Ajoblanco acabó convertida en una cueva de conversos, prestos a saltar a lugares más confortables, donde disertar de las bondades de la democracia burguesa con sus antiguos enemigos. Por eso aquello se jodió, llevándose por delante el anhelo de cientos de miles de anarquistas y librepensadores, apisonados por la Transición.
Lo que luego sobrevino es de sobras conocido: la movida, el consumo abusivo de drogas ilegales, el sexo pretendidamente liberado, el sida, el fin de la epopeya ochentera. El capital apartó a esa generación de la militancia antisistema, condenándola a las miserias del consumismo. Ganaron el derecho a drogarse, a escuchar letras subidas de trono, a follar con ciento y la madre, pero perdieron la libertad de ser distintos.
Recomiendo la lectura de estas cuasi memorias de José Ribas, fenomenalmente escritas, haciendo gala de una memoria fantástica, otro gran texto para desmenuzar el torrente de mentiras que escupen los portavoces del Estado sobre el posfranquismo.
¡A seguir desfaciendo entuertos, que quedan muchas causas perdidas por conquistar!

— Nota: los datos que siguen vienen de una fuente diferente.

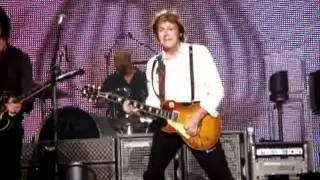 Paul McCartney - 21st Nov - Sao Paulo - Sgt. Pepper's (reprise)/ The End (and his fall)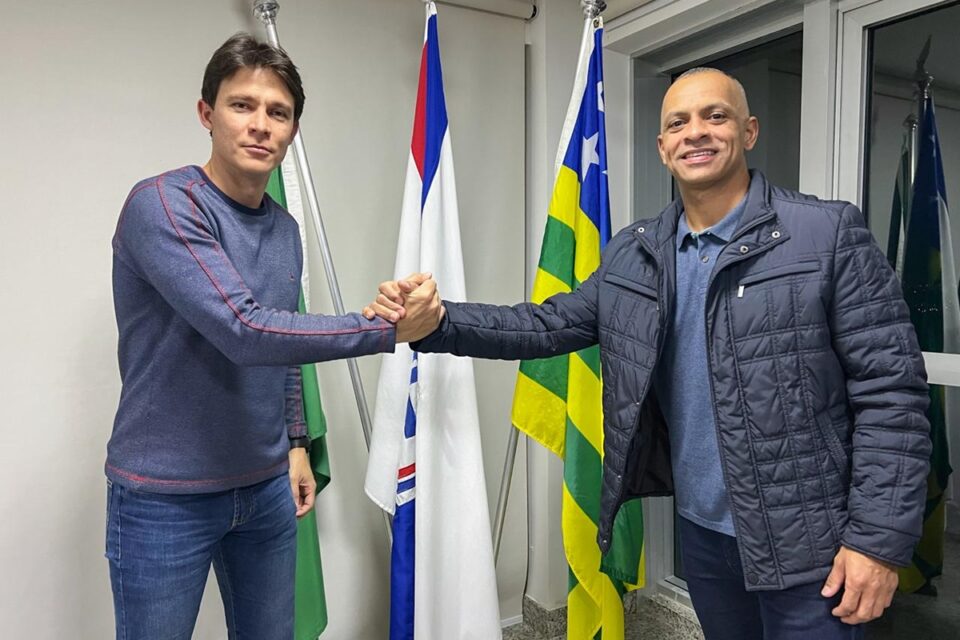 árbitros Witon Pereira Sampaio e Bruno Pires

(*) Vázquez Montalbán no sale muy bien parado del libro de Ribas. Este le retrata como un comunista sectario y dogmático, arribista y ambicioso, envidioso del éxito de Ajoblanco, un perfil que difiere bastante de lo que uno ha leído anteriormente. No tuve el placer de conocer personalmente al difunto Manolo, pero entre su curriculum vitae y el de Luis Racionero no hay color, sencillamente. Esta idea se puede hacer extensible al resto de escribientes del Ajo que menciono arriba. En contraste con la vieja militancia comunista, dejan mucho que desear.